Плодотворная работа Хабермаса ясно показывает, что отсутствие какого-либо упоминания о Хабермасе в «Размышлениях о западном марксизме» было ошибкой по двум причинам. Одна состояла в реакции Хабермаса на выступления конца 60-х годов, которая выражалась в импровизированных формулировках, дискредитировавших его как авторитетного политического мыслителя. Второй и более важной причиной был эклектичный характер его философии, пропитанной заимствованиями из американского прагматизма и теории действия, сплетавшимися с франкфуртским наследием более глубоко, чем когда-либо прежде приобретенным в духе Гегеля, хотя и Гегеля йенского периода. Это ставило под вопрос возможность включения его философии в рамки даже экуменически понимаемого марксизма[3-3]. Такая мотивация не была лишена правомерности. В одном из интервью Хабермас сам затронул эту тему, осудив свои психологические комментарии к студенческому движению как необдуманные и заметив, как трудно ему было также судить о том, считать ли его труды марксистскими или нет. (Он вспоминает, что первое такое их определение, встреченное им в публикации «Структурные изменения гласности» в начале 60-х годов, были для него шоком.) И одновременно в том же самом интервью после свободного обсуждения двойственности его интеллектуальной позиции он скромно и откровенно признался в желании примкнуть к современному историческому материализму, желании, которого самого по себе достаточно, чтобы подчеркнуть обычные суждения о его эволюции, высказанные ранее[3-4]. За подобными заявлениями стоит, по выражению самого Хабермаса, огромный труд «перестройки» исторического материализма в соответствии с произведенной им трансформацией франкфуртской традиции. Масштаб и размах возникшего в результате теоретического сооружения, синтезирование в единой программе исследования эпистемологического, социологического, психологического, политического, культурного и этического аспектов не имеют параллелей в современной философии, независимо от вдохновения. Четкое понимание отличительных черт достижений Хабермаса должно стать исходной точкой для оценки его работы. Однако идеи, которые переплелись, образуя его философскую систему, требуют сравнительного анализа.

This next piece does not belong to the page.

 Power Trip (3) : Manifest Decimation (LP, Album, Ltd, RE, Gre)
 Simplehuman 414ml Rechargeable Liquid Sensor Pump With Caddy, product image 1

Если вглядеться в характерные координаты мысли Хабермаса, первое, что должно поразить внимательного наблюдателя, это их близость к основам французского структурализма. Снова и снова повторяются те же предпосылки и основные мотивы, хотя каждый раз из разных источников и с различными выводами. Отправная точка позиции Хабермаса, которую можно определить как пограничную между марксизмом и немарксизмом, заключается в его утверждении, что Маркс ошибался, приписывая абсолютную первичность материальному производству в своем определении человечества как рода и в своем понимании истории как эволюции форм общества. «Социальное взаимодействие», как утверждал Хабермас, является в равной степени несводимым, непревратимым аспектом человеческой практики. Такое взаимодействие всегда символически опосредовано, составляя специфическую область коммуникативной деятельности — в противоположность инструментальной деятельности материального производства. Там, где производство ставило своей целью усилить контроль над внешней природой, взаимодействие вырабатывало такие нормы, которые приспосабливали внутреннюю природу человека — потребности и склонности — к общественной жизни. Между этими двумя понятиями не было необходимого соответствия: экономический или научный прогресс совсем не обязательно гарантировал культурное или политическое освобождение. «Диалектика нравственной жизни», как он ее называл, обладала самостоятельностью.

вернуться

[3-3]

Другой случай подобного типа представлен размышлениями Эрнста Блоха, не менее несправедливо опущенными в моем кратком обзоре из-за их постоянного соседства с формами религиозной натурфилософии. Прекрасное исследование трудной работы Блоха, писанной в духе критической симпатии, которая еще больше подчеркивает оригинальность его вклада в западный марксистский канон. См. Hudson W. The Marxist Philosophy of Ernst Bloch. — L., 1982.

вернуться

[3-4]

«Сегодня я дорожу тем, что меня считают марксистом»: общий смысл этой статьи, лучшего биографического анализа развития взглядов Хабермаса, логично сравнить с клятвенными заверениями Альтюссера того же периода: см. note 26, Р. 30. Interview with Jiirgen Habermas // New German Critique. — 1979. — No. 18. — P. 33.